Detroit law student spearheads school's OutLaws organization


President of the Detroit Mercy Law OutLaws organization, 3L student Serena Gupta, who is a Dean’s Fellow, is working in the school’s Family Law Clinic, and also is interested in marijuana law.

Photo courtesy of Serena Gupta

By Sheila Pursglove

Legal News

Detroit Mercy Law student Serena Gupta serves as president of the school’s OutLaws organization that serves the needs of the LGBTQ+ community at Detroit Mercy Law. The group recently held a very successful bake sale to raise funds for the Ruth Ellis Center, a Detroit area social services agency that serves the needs of runaway, homeless, and at-risk LGBTQ+ youth.

The OutLaws also have a joint event on October 28, between OutLaws, the Criminal Law Society, the Family Law Society, and Lawyers Lending Hands, of a panel discussion on Domestic Violence and Sexual Assault in Michigan.
“I would recommend it for anyone who is curious about family law or criminal justice,” Gupta says. “We also are looking into our annual Drag Queen Bingo event, the proceeds of which will be donated to an organization that will be determined soon.

“I’m very happy at all the new members we have gained this year, as well as the continued efforts and hard work of the old members. I hope to leave Detroit Mercy Law knowing that OutLaws will continue to be in good hands.”
Gupta started her academic studies by earning a bachelor’s degree in English and a minor in Mandarin from Michigan State University.

“I was never really good at any other subjects growing up—math, science, history, basically any other core subject came hard to me. The only class I liked was English, because there were no such thing as wrong answers and you wouldn’t be shamed for having a different conclusion—similar to how in law, things can be argued both ways, although sometimes you’re just objectively wrong,” she says.

“I went into college for a degree in linguistics and English literature because I felt I wouldn’t be good at anything else, and frankly my highest grades were consistently in all my English classes.”

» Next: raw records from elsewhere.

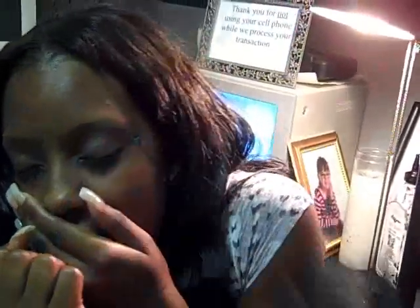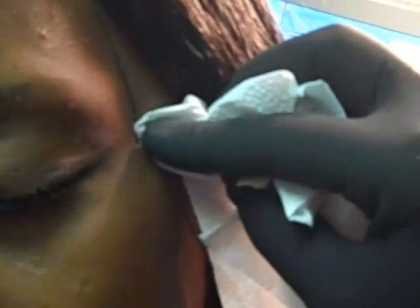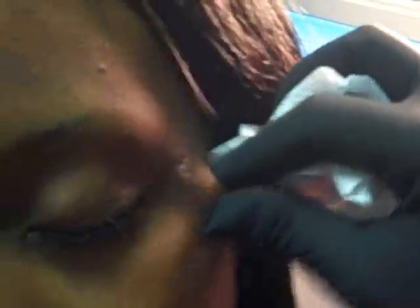Done. Okay, it's out. I want to get a close zoom-in, camera person, so everybody can see what they're going to be facing if they want to remove it. That's not bad at all. She'll put a little band-aid on there and it'll heal right up.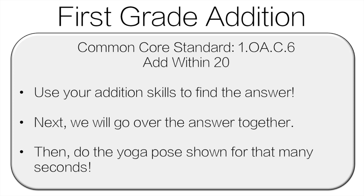Hello and welcome to first grade addition. You're going to use your addition skills to find the answer. Then we'll go over the answer together, and then you're going to do the yoga pose for that many seconds. Let's get started.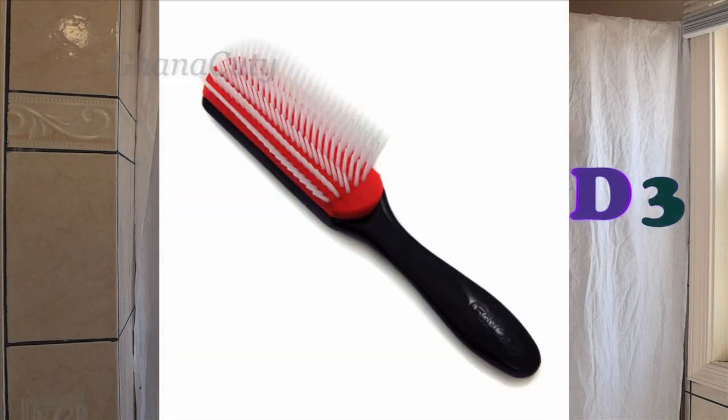I want to make a quick video about the Denman brush that all naturals have been using. I think it's Denman 34 or Denman 3 — I'm going to put the correct name in the description box below. I looked into getting it because they said it's good for natural hair, it doesn't tangle your hair, and it detangles your hair very smoothly.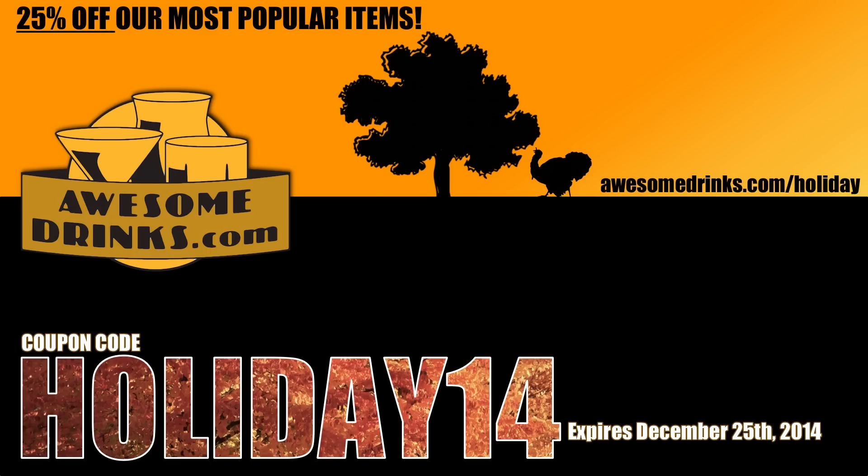Want first dibs on our holiday specials? Use coupon code HOLIDAY14. Save yourself 25% on all the items in our holiday collection. Only at awesomedrinks.com.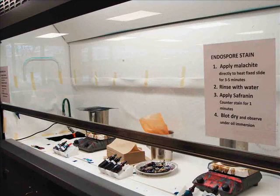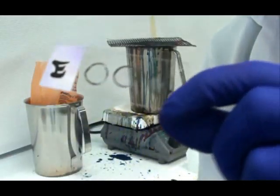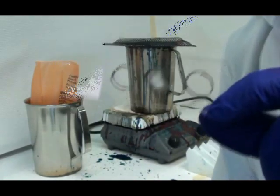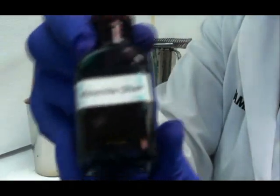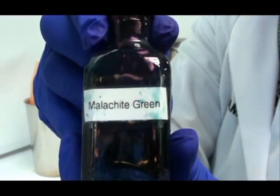We begin by applying the primary stain in a fume hood. Here's my prepared endospore slide. My unknown is in the center circle and my two controls are in the outer circles. I place my slide over the water bath and now I'm ready to apply the primary stain, malachite green.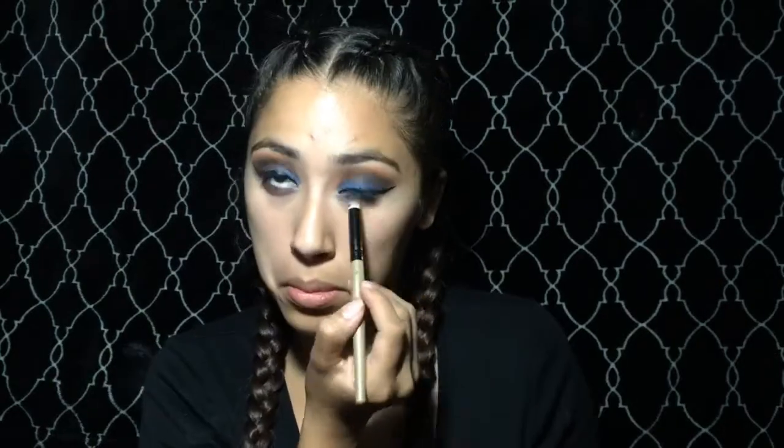Here I'm just doing my winged liner. I ended up pausing the video to do it. And here I'm just using some of that blue color on the bottom, doing little dots along my eyes and making sure to blend a little bit of that color at the bottom of my eyes.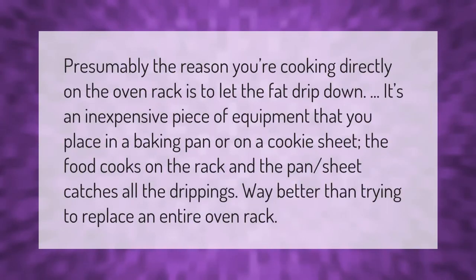Presumably the reason you're cooking directly on the oven rack is to let the fat drip down. It's an inexpensive piece of equipment that you place in a baking pan or on a cookie sheet. The food cooks on the rack and the pan or sheet catches all the drippings — way better than trying to replace an entire oven rack.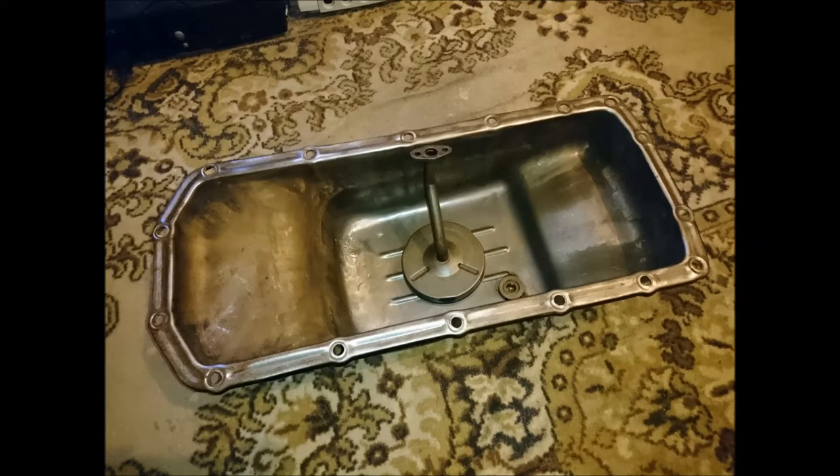Hello and welcome to my short video about putting together a partial trapdoor sump for a Rover P6 V8.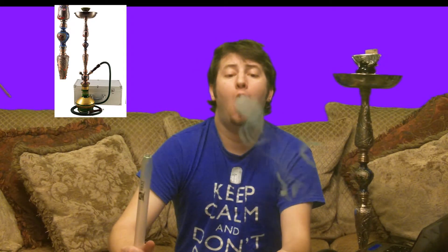The hookah smokes great, it looks great. It's by far the most beautiful hookah that I've seen yet. It's a really great smoking hookah. I love this hookah — hands down, probably one of my favorite hookahs.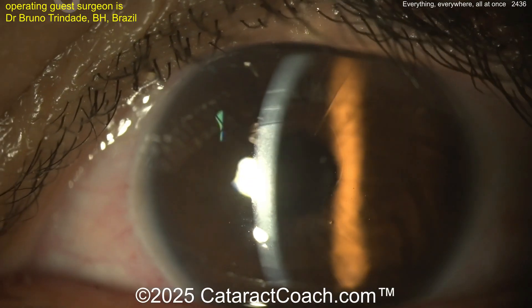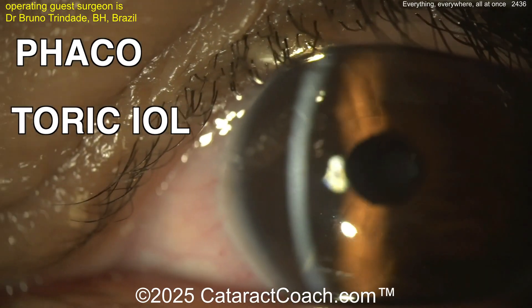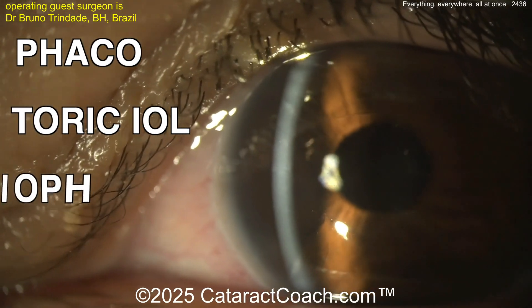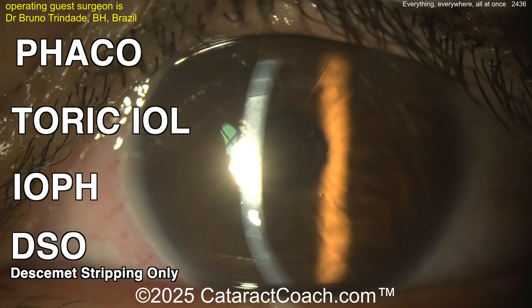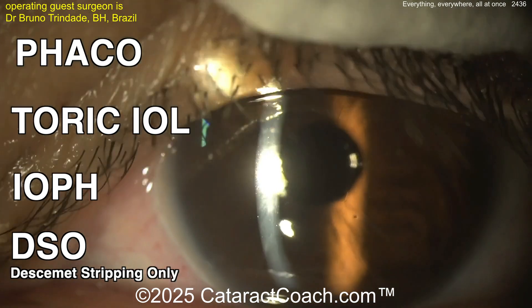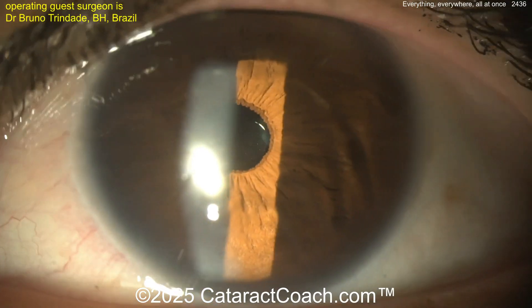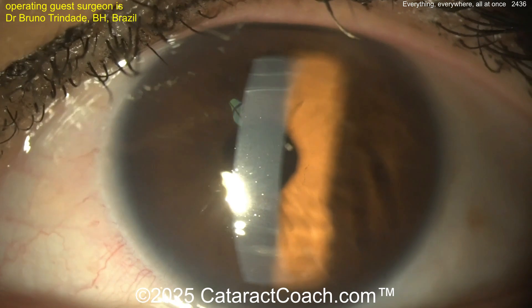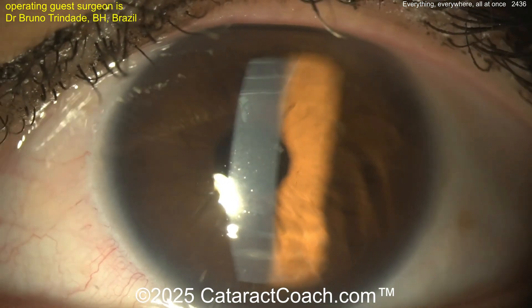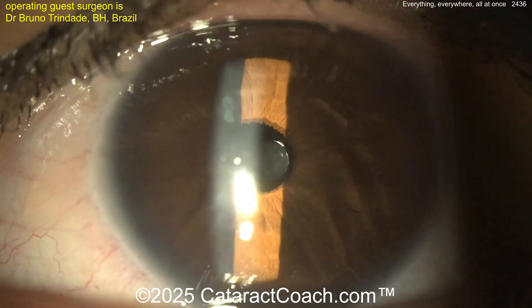So again, this patient had phaco plus a high-power toric lens plus the intraocular pinhole and DSO — Descemet stripping only — and wow, what a beautiful result. Patient incredibly happy — best this patient has seen in the entirety of their life. What a neat case. Sometimes you have to do heroic measures — do everything everywhere all at once.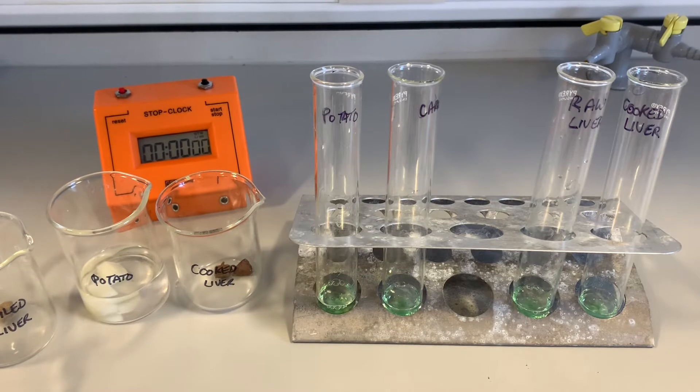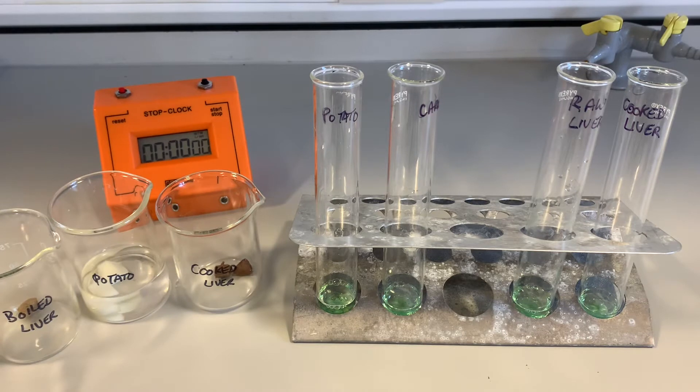One way of doing that is to relight a glowing splint, like we did when we used the manganese dioxide. But the other way is to add detergent to your hydrogen peroxide, because when the oxygen gas is formed it gets stuck in the detergent and it forms froth, which we can then measure. The more froth, the more the hydrogen peroxide has been broken down to produce the oxygen gas.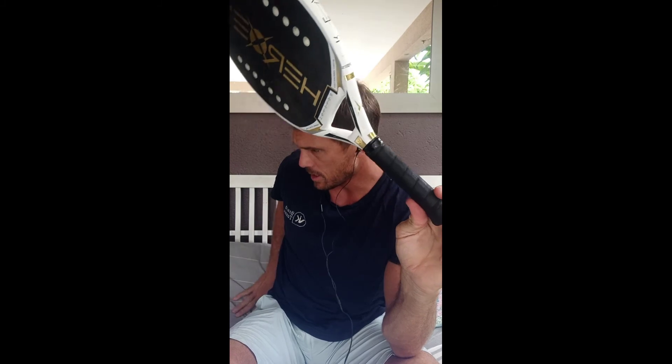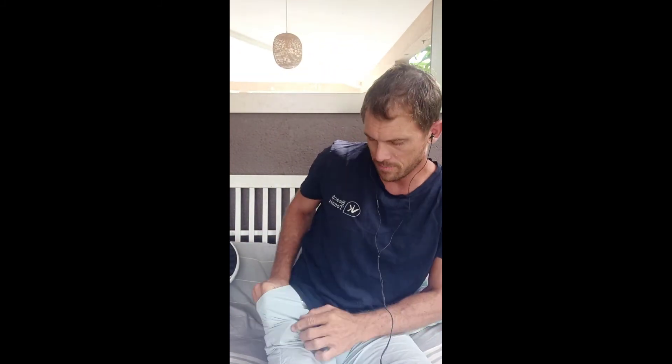First thing first — see here, this is a beach tennis racket. If you have a tennis racket, it's the same thing. Here I have the original grip. The thing I want to do is to put this over grip, as we call it, on the grip. The over grip is much thinner than the original grip.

Gupta started learning Mandarin as a second language in high school.

“I had spoken a little when I was younger, but my teachers and peers quashed it out of me pretty early—‘We speak English here’ mentality, and all that. However, I got tired of not being able to speak to my grandparents or relatives overseas so I decided that since it was being offered, I might as well take it.”

Although she attended the MSU College of Education with the aim of becoming a teacher, she eventually nixed that plan.

“Lot of disagreements between myself and my professors in the College of Education at my university, particularly on how the education system ignores the voices of minorities and how the curriculums don’t translate well to those on the outside of the dominant group,” she says.

“My teaching professors and I eventually came to the mutual conclusion I would be better off doing something besides teaching, so I decided to leave the college of education. However, there isn’t really much you can do with 75 percent of a degree in English literature, but luckily law school doesn’t require a specific degree.”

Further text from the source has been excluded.